Stephens Claudester, Francis Stephen J, Abell Virginia, DiPersio Joseph R, Wells Patricia
Summa Health System, Akron, OH 44309-2090, USA.
Am J Infect Control. 2007 May;35(4):212-5. doi: 10.1016/j.ajic.2006.04.208.
Acinetobacter baumannii is a gram-negative, coccobacillus found in water and is a significant nosocomial pathogen in hospitals. This report chronicles the appearance in June 2003 of a multidrug-resistant A baumannii (MDR-AB) strain, its dissemination, and interventions used to control it in an acute care hospital (ACH) and long-term acute care facility (LTAC).
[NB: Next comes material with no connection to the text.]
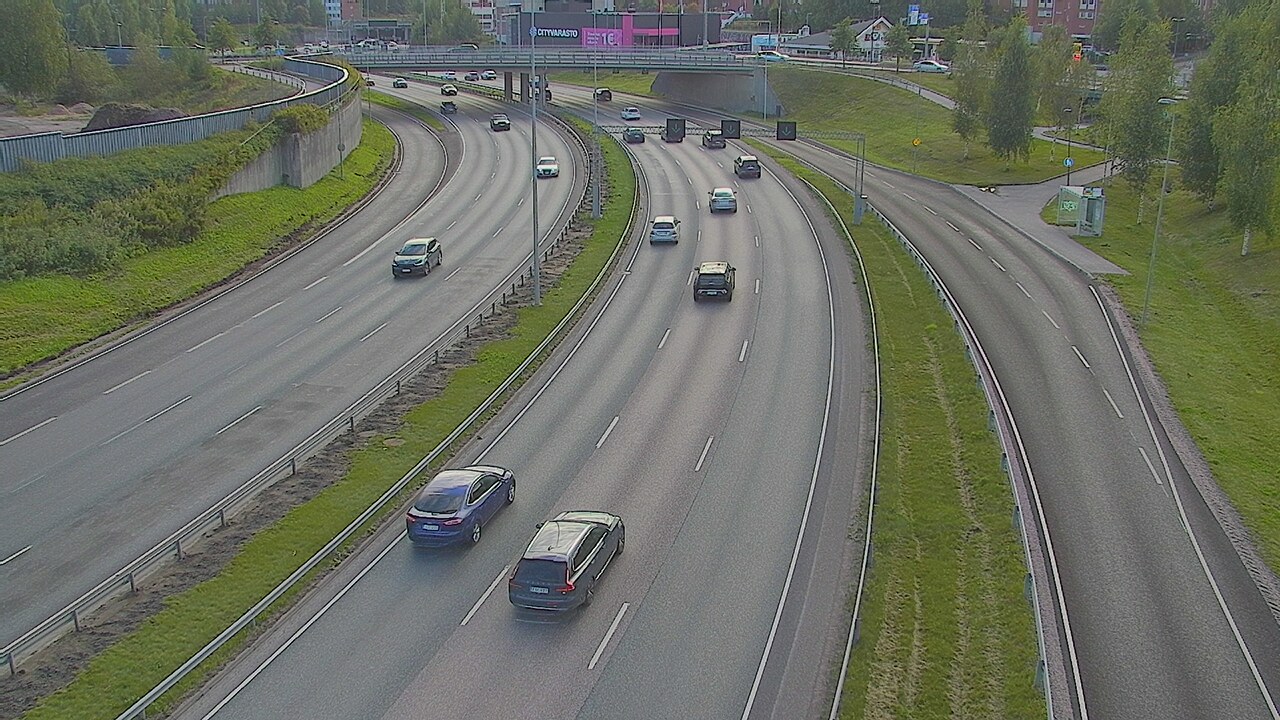 c0161800-1788278627.jpg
Molecular typing using pulsed-field gel electrophoresis (PFGE) showed that 88 of 99 strains (89%) gave an identical banding designated as clone A. Eight additional isolates were variants of clone A, and 3 isolates were unrelated.
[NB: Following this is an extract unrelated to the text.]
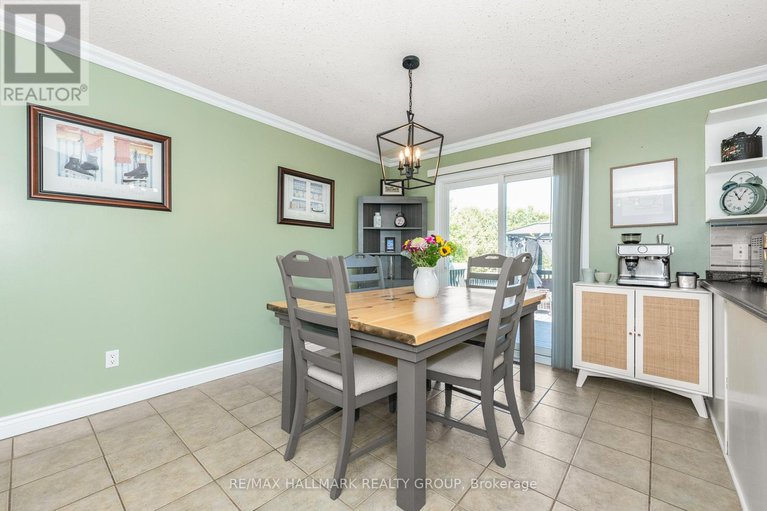 28854407/7895-popham-street/vernon/ottawa/ontario/K0A3J0_15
A baumannii was isolated from 229 patients between January 2003 and December 2004. Of these patients, 151 (66%) were colonized/infected with MDR-AB. Most isolates were resistant to antibiotics except for imipenem and ampicillin/sulbactam. Isolates included 108 (72%) in the respiratory tract, 32 (21%) in wounds, 6 (4%) in blood, and 5 (3%) in urine. Most isolates were found in the LTAC (70 isolates), ICU step-down (27 isolates), and ICU (26 isolates).
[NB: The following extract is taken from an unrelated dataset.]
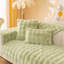 Alenia Outdoor Patio Sofa Cover-1186756025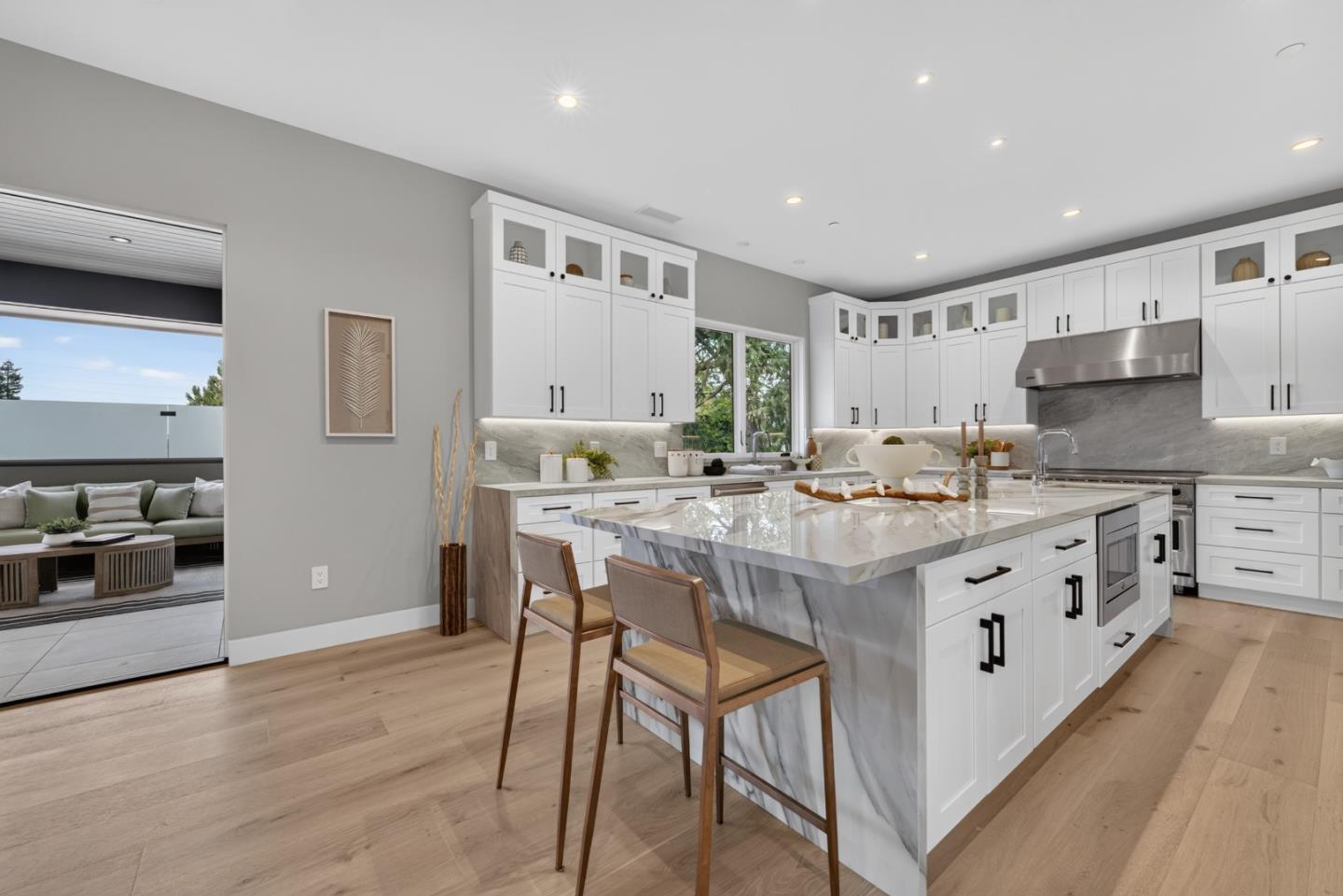110 Sporleder CT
This epidemiologic history illustrates (1) epidemic clonal spread, (2) target populations, (3) variable monthly prevalence, and (4) intervention outcomes. With intervention, the number of new isolates in the ACH decreased by dedicating an infection control professional to critical care, daily surveillance, isolation of positive MDR-AB patients, universal gloving, and routinely reporting results.
鲍曼不动杆菌是一种革兰氏阴性球杆菌,存在于水中,是医院中一种重要的医院感染病原体。本报告记录了2003年6月出现的一株多重耐药鲍曼不动杆菌(MDR-AB)菌株、其传播情况以及在一家急症医院(ACH)和长期急性护理机构(LTAC)中用于控制它的干预措施。
使用脉冲场凝胶电泳(PFGE)进行分子分型显示,99株菌株中有88株(89%)呈现相同的条带模式,被指定为克隆A。另外8株分离株是克隆A的变体,3株分离株无关。
2003年1月至2004年12月期间从229名患者中分离出鲍曼不动杆菌。在这些患者中,151例(66%)被MDR-AB定植/感染。除亚胺培南和氨苄西林/舒巴坦外,大多数分离株对其他抗生素耐药。分离株包括呼吸道中的108株(72%)、伤口中的32株(21%)、血液中的6株(4%)和尿液中的5株(3%)。大多数分离株发现于LTAC(70株)、ICU后送病房(27株)和ICU(26株)。
这一流行病学史说明了(1)流行克隆传播、(2)目标人群、(3)每月患病率的变化以及(4)干预结果。通过干预,ACH中新分离株的数量减少,具体措施包括为重症监护配备感染控制专业人员、每日监测、隔离MDR-AB阳性患者、普遍戴手套以及定期报告结果。